Expose enable_sample_tables in prepare_dataset and as --no-sample-tables CLI flag#230
pei-li-hedgehog wants to merge 9 commits into
NVIDIA:developfrom
pei-li-hedgehog:pli-expose-enable-sample-tables

Conversation

@pei-li-hedgehog
Copy link
Copy Markdown

@pei-li-hedgehog pei-li-hedgehog commented May 19, 2026

Closes #231.

Summary

SqliteIndexWriter already supports enable_sample_tables=False to skip creating the samples and sample_parts tables, but that knob isn't plumbed through BaseWebdatasetFactory.prepare_dataset() or the energon prepare CLI. On very large datasets (100M+ samples) the SQLite inserts and the post-insert btree builds dominate preparation time. For datasets consumed purely by the integer-indexed loader (ShardInfosITarReader), the samples table isn't queried at training time — checkpoint/resume uses SliceState integer offsets resolved via .info.json + .tar.idx.
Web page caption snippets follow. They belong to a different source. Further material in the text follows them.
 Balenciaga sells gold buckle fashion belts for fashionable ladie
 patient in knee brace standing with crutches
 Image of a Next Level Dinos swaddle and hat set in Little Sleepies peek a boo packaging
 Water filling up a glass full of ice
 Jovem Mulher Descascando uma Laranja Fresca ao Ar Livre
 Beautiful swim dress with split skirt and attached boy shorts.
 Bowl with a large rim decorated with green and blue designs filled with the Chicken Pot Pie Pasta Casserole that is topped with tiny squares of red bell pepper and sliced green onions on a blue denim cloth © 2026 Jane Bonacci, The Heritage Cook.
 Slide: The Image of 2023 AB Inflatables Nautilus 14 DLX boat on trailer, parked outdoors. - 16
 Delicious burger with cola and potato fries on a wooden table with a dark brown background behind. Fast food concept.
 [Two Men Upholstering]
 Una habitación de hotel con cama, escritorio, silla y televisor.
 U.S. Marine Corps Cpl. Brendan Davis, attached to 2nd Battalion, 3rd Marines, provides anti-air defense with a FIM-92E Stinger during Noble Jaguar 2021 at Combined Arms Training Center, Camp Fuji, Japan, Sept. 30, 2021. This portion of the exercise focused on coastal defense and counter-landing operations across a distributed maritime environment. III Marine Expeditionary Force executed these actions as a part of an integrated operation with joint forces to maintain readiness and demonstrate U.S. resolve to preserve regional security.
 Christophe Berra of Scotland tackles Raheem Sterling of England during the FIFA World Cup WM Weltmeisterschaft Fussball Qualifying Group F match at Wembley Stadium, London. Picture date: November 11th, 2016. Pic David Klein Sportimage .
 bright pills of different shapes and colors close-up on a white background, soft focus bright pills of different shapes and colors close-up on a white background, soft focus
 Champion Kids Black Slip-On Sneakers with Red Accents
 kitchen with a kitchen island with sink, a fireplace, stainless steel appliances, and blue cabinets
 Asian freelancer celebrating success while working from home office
Concretely, on a 244M-row / 4000-shard text webdataset we hit a 13-hour K8s pod timeout in the indexing phase. We need a way to skip the SQLite cost for monolithic pretraining datasets while keeping everything the integer-indexed loader needs (.tar.idx, .info.json, split config).

Changes

  • BaseWebdatasetFactory.prepare_dataset() accepts enable_sample_tables=True (default — backwards compatible), passes through to SqliteIndexWriterAggregator.
  • energon prepare --no-sample-tables exposes the same option. Mutually exclusive with --tar-index-only (which operates on an already-prepared dataset, different semantics).
  • append_samples / append_parts become no-ops when the writer was constructed with enable_sample_tables=False, so producers can keep emitting rows unmodified.
  • SqliteIndexWriter always drops stale samples / sample_parts when reset_tables=True, regardless of whether the new run intends to repopulate them. Avoids stale tables when re-preparing with --no-sample-tables after a previous full prepare.

Out of scope

Sample-key lookups (WebdatasetFileStore / SqliteITarEntryReader), polylithic joins (which INNER JOIN ... ON samples.sample_key = ... at metadataset-prepare time), and aux-data access on CrudeSample datasets all rely on the SQLite sample tables and will not work for datasets prepared with --no-sample-tables. That's the intended trade-off — documented in the new docstring/help text. Failures are loud (clear SQLite no such table errors), not silent.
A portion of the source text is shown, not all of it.